Dataset section:
--

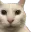 cannycat cannycat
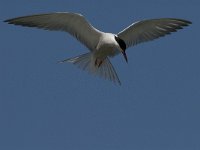 Sterna hirundo 54, Visdief, Saxifraga-Jan van der Straaten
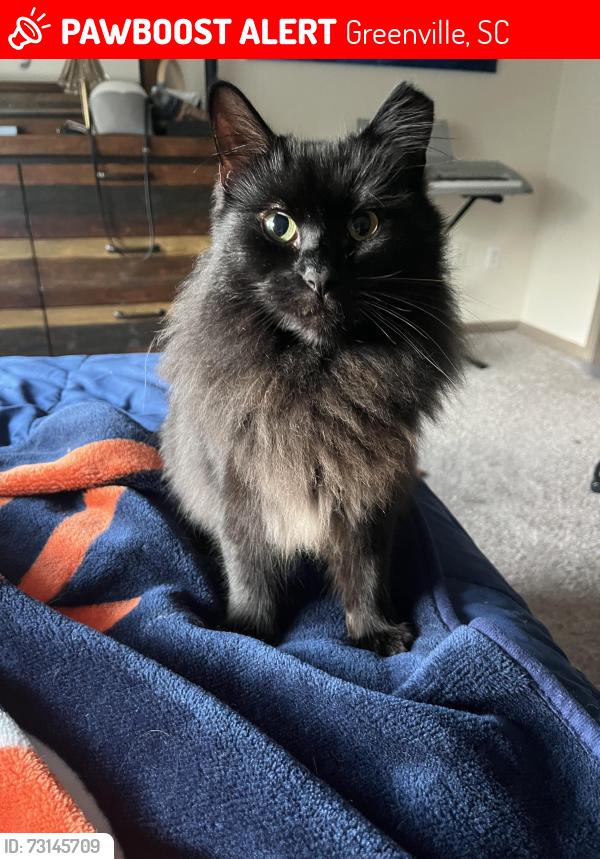 Lost Male Cat last seen Verdae Blvd/ Lauren’s Road, Greenville, SC 29607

--

Your assignment:
Please give the material above again in full, with no pictures in your version.

Response area:
 cannycat cannycat
 Sterna hirundo 54, Visdief, Saxifraga-Jan van der Straaten
 Lost Male Cat last seen Verdae Blvd/ Lauren’s Road, Greenville, SC 29607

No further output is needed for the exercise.